A WIRRAL builder was caught on camera risking the lives of his workers on a house roof, a court has heard.

Ronald Steven King and two other men were seen on the roof of a detached house in Kingsley, Cheshire, without any measures in place to prevent them being injured in a fall.

An inspector from the Health and Safety Executive who visited the site following a complaint by a member of the public, also found the workers had to jump over a one-metre gap from a scaffolding tower to reach the roof.

Mr King was prosecuted by HSE following the inspection of the work on the four-bedroomed house on Brookside on April 29 last year.

Chester Magistrates’ Court heard that the 61-year-old had been hired to re-roof the property, including replacing slates and fitting insulation, and had begun work on the project two weeks earlier.

A scaffolding tower had been erected in a neighbouring garden but there was a large gap from the scaffolding to the house roof. There were also no scaffolding boards or other protection around the edge of the roof to prevent workers falling up to four and a half metres.

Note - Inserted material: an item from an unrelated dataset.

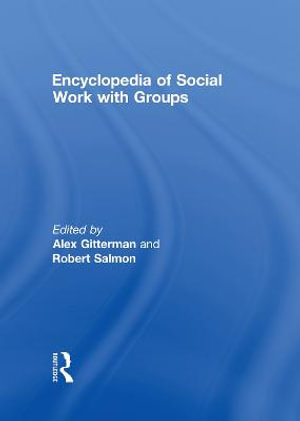 Encyclopedia of Social Work with Groups - Alex Gitterman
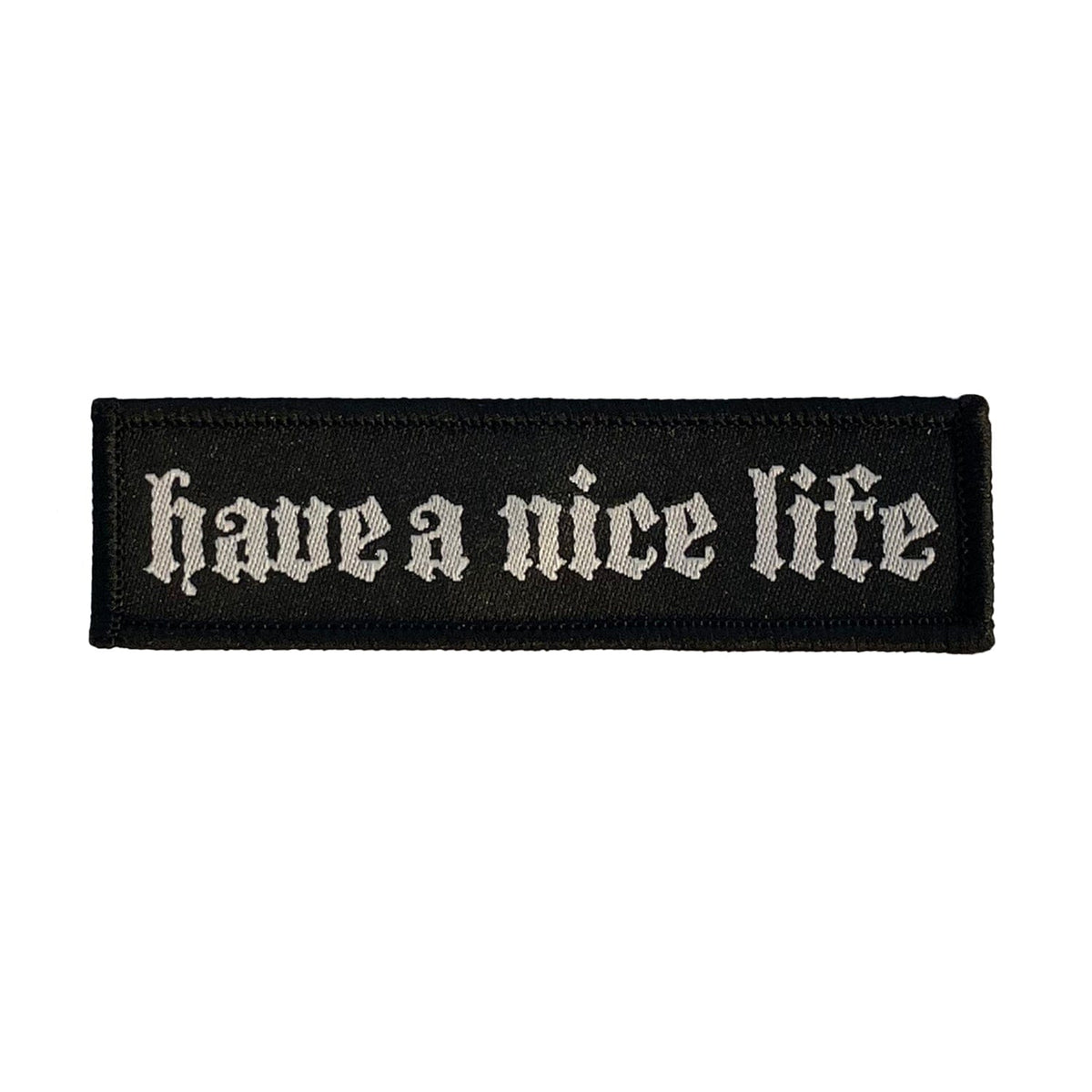 The Flenser Apparel Have a Nice Life &quot;Logo&quot; Patch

Mr King, of Airlie Road in Hoylake, was fined £3,000 and ordered to pay £2,457 in prosecution costs on 25 September 2014 after pleading guilty to a breach of the Work at Height Regulations 2005 by failing to put measures in place to prevent falls.

Speaking after the hearing, HSE Inspector Kevin Jones said: “Mr King is an experienced roofer and had taken on a major project to re-roof a detached house but he failed to make sure basic safety measures were in place.

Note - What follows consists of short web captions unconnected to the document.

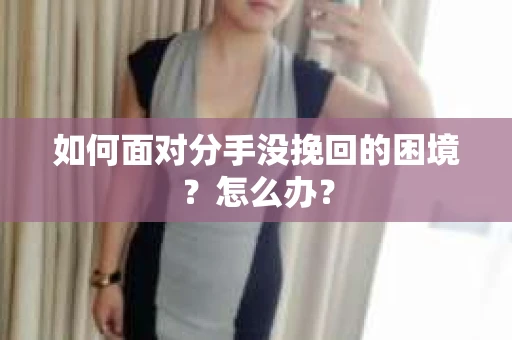 如何面对分手没挽回的困境？怎么办？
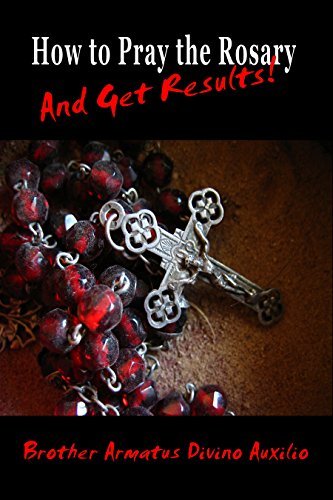 How to Pray the Rosary and Get Results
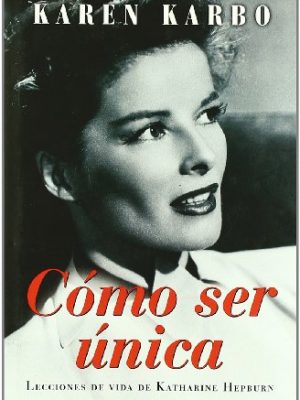 Como ser unica: lecciones de vida de katharine hepburn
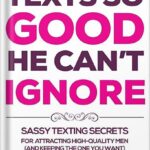 خرید و دانلود نسخه کامل کتاب Texts So Good He Can’t Ignore: Sassy Texting Secrets for Attracting High-Quality Men (and Keeping the One You Want) by Bruce Bryans PDF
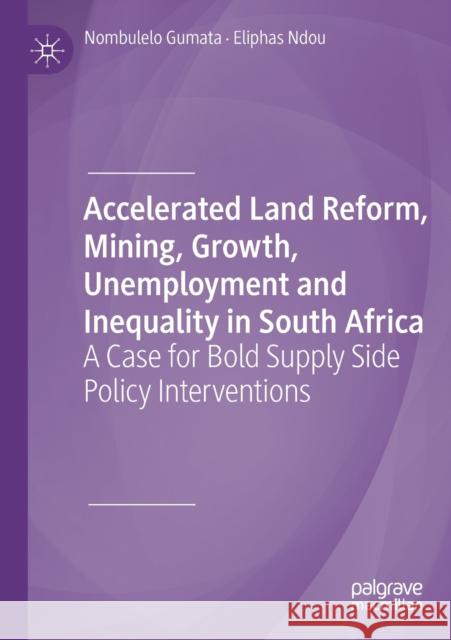 Accelerated Land Reform, Mining, Growth, Unemployment and Inequality in South Africa: A Case for Bold Supply Side Policy Interventions Nombulelo Gumata Eliphas Ndou 9783030308865 Palgrave MacMillan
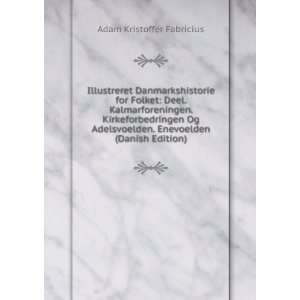   . Enevoelden (Danish Edition) Adam Kristoffer Fabricius Books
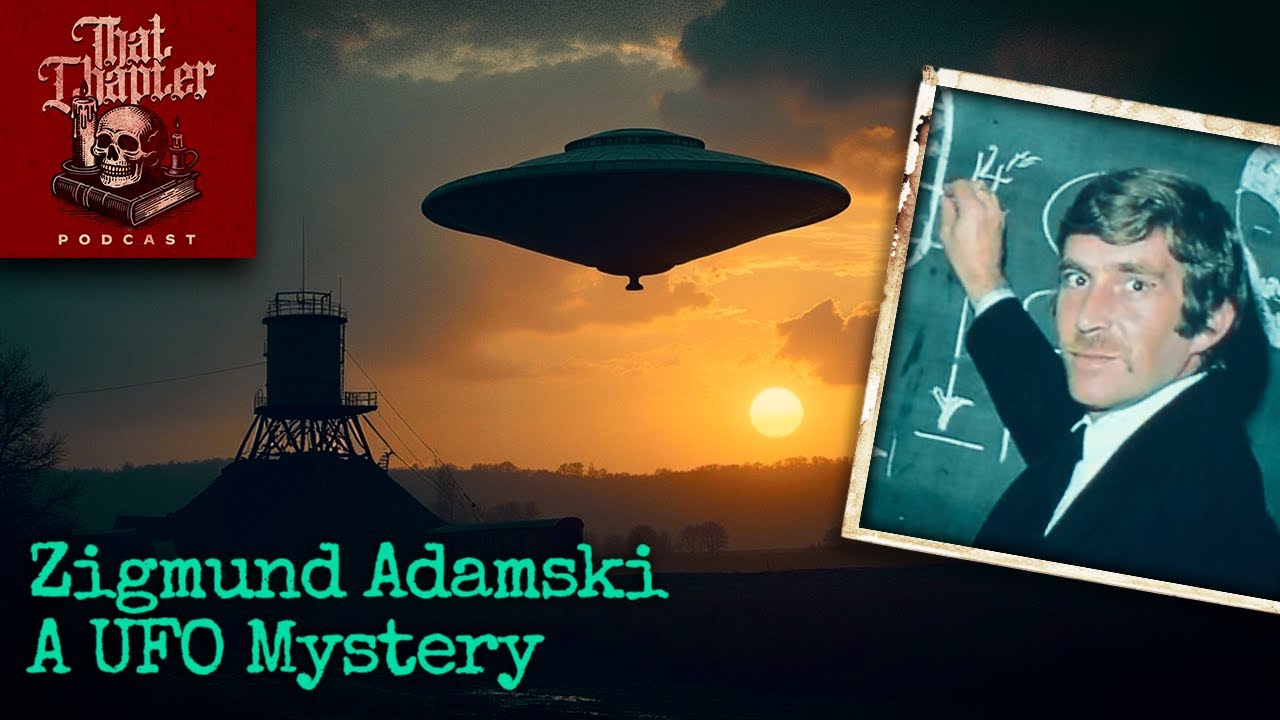 The Bizarre Death of Zigmund Adamski | That Chapter Podcast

“He not only put his own life at risk but also the lives of two of the workers he employed by asking them to jump from the scaffolding to the roof, and by not providing protection around the edge of the roof.

“The risks from working at height are well known in the construction industry but Mr King ignored the dangers. If we hadn’t been alerted to the work by a member of the public, then I dread to think what might have happened.”